En el esquema previo, el capitán (cuya presencia es constante, aunque nunca aparece en escena) es la última ficha que falta y por consiguiente, estando ausente él, el esquema es estable solo aparentemente. Por eso el viejo intenta precaverse (las damas viajarán de noche y su casa está ‘cerrada’), pero no cuenta con el imprevisto, con el vuelco del coche que permite un contacto con el exterior32. E inevitablemente, y a pesar de clausuras y precauciones, la opinión, que las damas por lo menos en apariencia persiguen33, se sustituye con la ocasión creada por el mundo cortesano34. Estas dos palabras, que aparecen a menudo en la comedia, expresan de manera elocuente el contraste entre los dos mundos opuestos: el de los caballeros, dirigido a la búsqueda de la ocasión (intermitencia en la vigilancia del tesoro) y el de Doña Bernarda que, también en contra de sí misma, intenta defender la opinión (conciencia pública del modelo). Bernarda está sola, aislada con respecto al mundo de complicidad que une a los otros personajes35. Su único apoyo parece ser Santillana, quien, dándose cuenta de sus debilidades, se atreve a ofrecerle consejos y amonestaciones, que ella rechaza enérgicamente, hasta con palabras agresivas (en la esc. 3.ª del acto III). Le toca vigilar a Jusepa; está preparada y es madura en su mostrarse muy decidida en cumplir su deber, pero es lo suficientemente joven (elemento natural coartado) para enamorarse y hasta decidir tomar la iniciativa de descubrir su amor, aunque al mismo tiempo intente esconderlo hipócritamente.
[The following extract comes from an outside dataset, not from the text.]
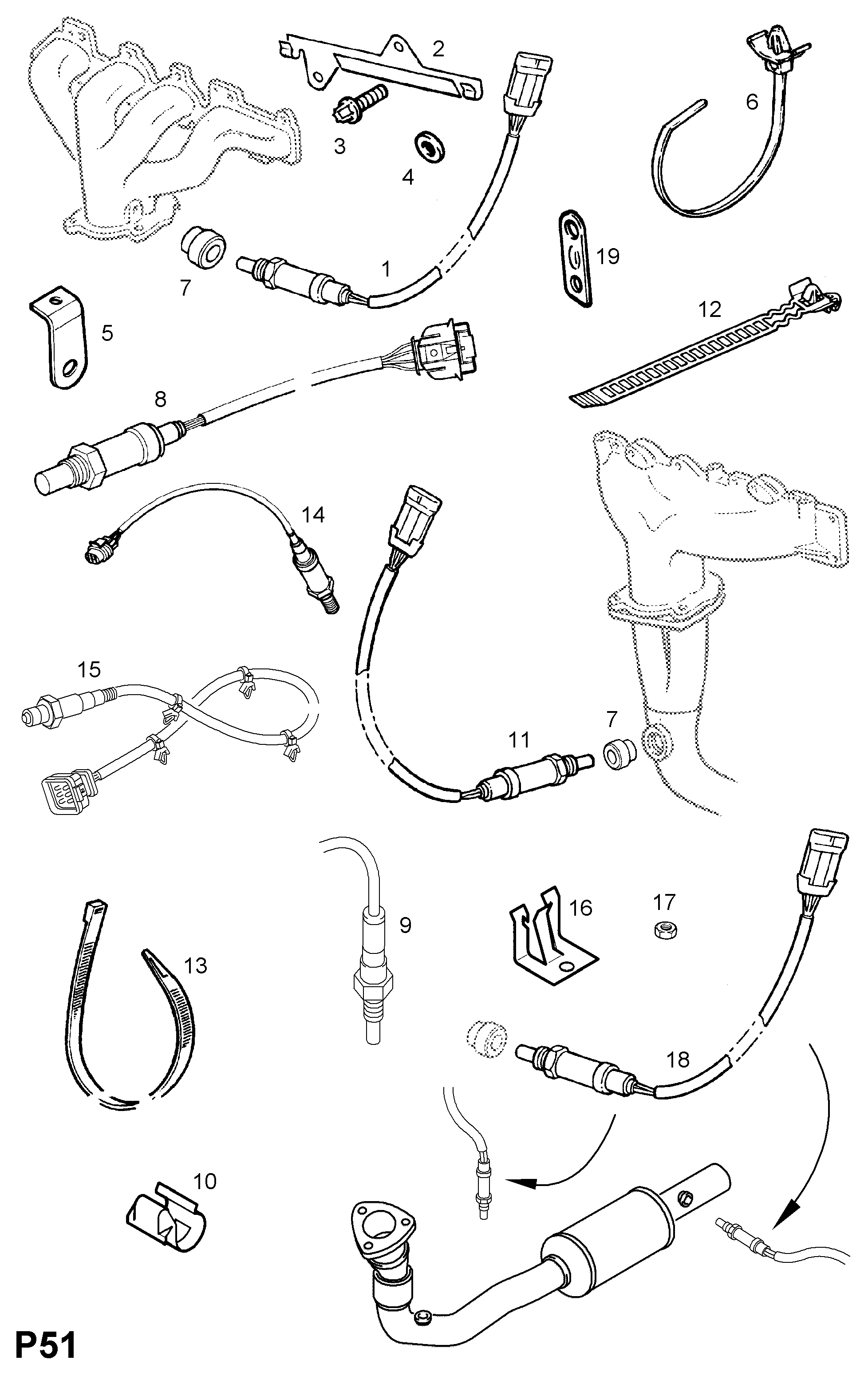 Vauxhall 8 55 382 - Sonda Lambda parts5.com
Los indicios de ese cambio se perciben ya en el acto I. En efecto, si cuando el lacayo Santillana descubre que en su casa hay una puerta con torno y una ventana con red, confirma su voluntad de respetar los deseos del capitán («No hay prebenda sin pensión», «A su gusto ha de vivir / mi casa», vv. 326, 329-330), ya en la esc. 14.ª cuando —aturdida y asombrada ante el alboroto levantado por Don Luis— sale a la calle y acusa airada a Santillana por ser cómplice del fingido barbero, su fijarse en las manos «muy blandas» de su sangrador (v. 611) y su pedir que regrese al día siguiente («Oís. / Mañana con el barbero», vv. 649-650) denuncian de manera clara su interés. Se trata de unas manifestaciones quizá para ella todavía casi inadvertidas, pero bien evidentes para sus criados (que —como vimos— interpretan y descubren, delante del público, la verdad que se va lentamente delineando).
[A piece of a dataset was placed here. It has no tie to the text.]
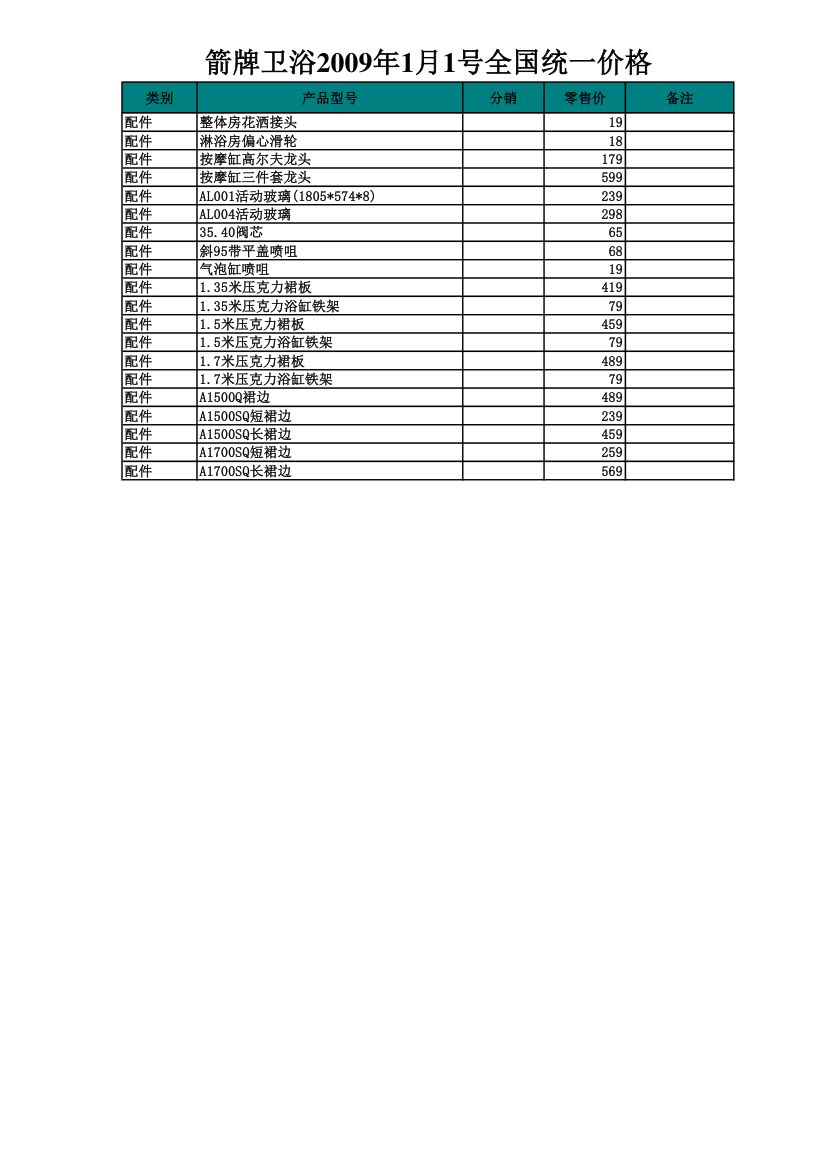 箭牌报价第9页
Cada vez que Doña Bernarda aparece en escena, su amor por Don Fernando es más evidente: entiende que puede destruir sus planes («muerte de mi fama ha sido», v. 1080) y se da cuenta de que tampoco ella tiene aquella integridad que está pidiendo a su hermana («se encierra / la [pasión] que en ella culpo en mí», vv. 1073-1074). También sus muchas preguntas sobre el nivel social, la renta, y la dirección del joven (vv. 1119, 1151-1152, 1161-1162), así como su reiterado fijarse en su aspecto («tiene extremado talle», v. 1155) confiesan de manera hasta demasiado evidente lo que (aunque confesado en los monólogos) se obstina en desmentir públicamente utilizando la máscara de enojos fingidos o de un justo afán de averiguación.
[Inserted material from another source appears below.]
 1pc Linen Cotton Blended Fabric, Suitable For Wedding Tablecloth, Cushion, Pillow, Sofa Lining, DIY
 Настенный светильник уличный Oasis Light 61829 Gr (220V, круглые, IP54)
El espectador es testigo de su tentación de aceptar imprevistos «amores cortesanos», que intenta justificar («Si es caballero, livianos / pensamientos, bien podéis / disculparos [...]», vv. 1167-1169), de su decisión de comprar, con nuevos tejidos que la favorezcan, también «manteles para la mesa / del matrimonio segundo» (vv. 1188, 1199-1200), o de su alegría al recibir el billete amoroso del caballero («Alto, viudez, esto es hecho», v. 1501). Por fin, satisfecha del «talle» del joven (v. 1505), de su renta («Seis mil ducados» (v. 1503), y de su apellido («es bien nacido», v. 1507), está dispuesta a deshacer las bodas de su hermana («El capitán se dé priesa, / o no logrará su enero», vv. 1515-1516), pero solo porque piensa poder prescindir de la rica dote que el viejo perulero le prometió. No demuestra ninguna sensibilidad para con el destino de la joven actuando el rígido control y el plan constrictivo atentamente planeado de acuerdo con el capitán. Todo está dirigido hacia su propio provecho36; y cuando se da cuenta de que Jusepa está intentando evitar las bodas concertadas, reacciona con enfado (vv. 1958-1965). Interés económico (dominante), amor y celos la ponen en una situación conflictiva que estalla de manera evidente durante el coloquio al torno, cuando, sin descubrir su identidad, pretende averiguar los sentimientos del noble aragonés («¿en qué punto andan / desvelos y amores viudos?», vv. 2014-2015), mal disimulando sus temores: «Pues, ¿impórtaos menos? / ¿O no es vuestro amor tan fino [?]» (vv. 2038-2040).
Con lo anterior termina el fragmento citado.